Concernant l’imagerie cérébrale dans les cancers
du sein HER2+ (Human Epidermal growth factor
Receptor 2 positive) et les cancers triple-négatifs,
la plupart des experts ne recommandent pas sa
pratique en routine.
Concernant les marqueurs tumoraux, ils ne
devraient pas être utilisés seuls pour une décision
thérapeutique.
Monitoring de la réponse
au traitement
Le monitoring de la réponse au traitement par
l’imagerie est recommandé tous les 2 à 4 mois
pour l’hormonothérapie et tous les 2 à 4 cycles
de chimiothérapie, intervalles dépendant de la
dynamique de la maladie, ainsi que de la localisation et de l’extension des métastases. Dans le cas
d’une maladie plus indolente, un monitoring moins
fréquent est tout à fait acceptable. Dans tous les
cas, de nouvelles imageries doivent être effectuées
dès qu’une progression est suspectée.
Biopsie de la lésion
métastatique
La biopsie de la lésion métastatique, lorsqu’elle
est facilement accessible et sans risque important,
devrait être réalisée pour confirmer le diagnostic
de métastases et pour redéterminer le statut des
récepteurs hormonaux (RH) et de HER2, surtout si
cela doit modifier la décision et l’accès à une thérapeutique ciblée. Si les résultats de la biologie de la
tumeur et de la métastase sont discordants, l’utilisation de la thérapeutique ciblée doit être privilégiée.
Choix de traitement
Les choix de traitement dépendent du statut des
RH et HER2, du traitement adjuvant, de l’intervalle
libre, de l’importance de la maladie tumorale, de
l’âge, du performance status, des comorbidités, du
statut ménopausique, de la prolifération tumorale,
des facteurs socioéconomiques et psychologiques,
de l’accessibilité des traitements dans le pays et
des préférences de la patiente. En aucun cas l’âge
ne représente une raison suffisante d’exclusion d’un
traitement efficace.
Maladie oligométastatique
Dans les cas de maladie oligométastatique, il existe
une possibilité de curabilité, et une approche multidisciplinaire agressive devrait être discutée.

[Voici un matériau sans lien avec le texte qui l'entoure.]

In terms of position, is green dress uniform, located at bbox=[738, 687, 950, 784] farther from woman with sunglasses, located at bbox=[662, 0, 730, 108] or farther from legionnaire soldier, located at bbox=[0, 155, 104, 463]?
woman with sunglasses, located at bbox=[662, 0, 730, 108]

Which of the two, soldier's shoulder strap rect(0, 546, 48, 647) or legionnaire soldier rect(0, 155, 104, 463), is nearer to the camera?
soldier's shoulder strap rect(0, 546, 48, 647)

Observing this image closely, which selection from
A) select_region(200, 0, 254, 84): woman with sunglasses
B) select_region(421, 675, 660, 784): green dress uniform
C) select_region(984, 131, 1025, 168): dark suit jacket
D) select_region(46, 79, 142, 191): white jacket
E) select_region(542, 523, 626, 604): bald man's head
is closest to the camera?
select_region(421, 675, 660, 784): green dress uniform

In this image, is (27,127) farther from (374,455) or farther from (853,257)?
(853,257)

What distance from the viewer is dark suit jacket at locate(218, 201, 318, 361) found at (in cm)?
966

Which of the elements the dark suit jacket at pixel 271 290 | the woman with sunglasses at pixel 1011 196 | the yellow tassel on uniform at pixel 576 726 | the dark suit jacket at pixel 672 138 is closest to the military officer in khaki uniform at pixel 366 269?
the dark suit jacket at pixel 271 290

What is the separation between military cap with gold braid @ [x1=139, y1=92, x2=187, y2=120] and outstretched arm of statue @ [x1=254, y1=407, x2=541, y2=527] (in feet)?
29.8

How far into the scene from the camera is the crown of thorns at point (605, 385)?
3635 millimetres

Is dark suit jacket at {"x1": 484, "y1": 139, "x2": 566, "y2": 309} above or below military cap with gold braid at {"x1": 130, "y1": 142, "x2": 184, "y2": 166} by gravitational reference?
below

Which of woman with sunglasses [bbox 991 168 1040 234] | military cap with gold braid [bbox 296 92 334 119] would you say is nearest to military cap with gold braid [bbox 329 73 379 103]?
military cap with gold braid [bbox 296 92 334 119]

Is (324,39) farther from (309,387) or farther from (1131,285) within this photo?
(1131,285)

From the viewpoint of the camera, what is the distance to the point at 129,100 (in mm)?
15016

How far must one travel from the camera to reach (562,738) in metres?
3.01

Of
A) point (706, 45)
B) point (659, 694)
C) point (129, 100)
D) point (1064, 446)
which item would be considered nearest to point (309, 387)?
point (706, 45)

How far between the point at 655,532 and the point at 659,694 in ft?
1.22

Des essais
cliniques prospectifs dans ces situations spécifiques
sont souhaités, mais ils restent difficiles à réaliser.
Chirurgie
En cas de maladie d’emblée métastatique, les études
rétrospectives, mais avec des biais de sélection importants, ont démontré un bénéfice en survie en faveur de
la chirurgie mammaire. Chez les patientes présentant
une réponse au traitement systémique, la chirurgie
de la tumeur primitive doit être envisagée avec une
optique de résection complète (marges saines). Des
essais cliniques pour confirmer cette approche et
déterminer les meilleures candidates à la chirurgie
et le meilleur timing sont en cours aux États-Unis.
Cancers du sein RH+ HER2−
L’hormonothérapie est l’option privilégiée, même en
cas de maladie viscérale, mais pas en cas de maladie
rapidement progressive ou lorsqu’une hormonorésistance est suspectée. Chez les femmes préménopausées, la suppression ovarienne, associée au
tamoxifène ou à un inhibiteur de l’aromatase, est
le premier choix.
En situation postménopausique, les inhibiteurs de
l’aromatase sont proposés, mais le tamoxifène reste
une option viable dans une population sélectionnée.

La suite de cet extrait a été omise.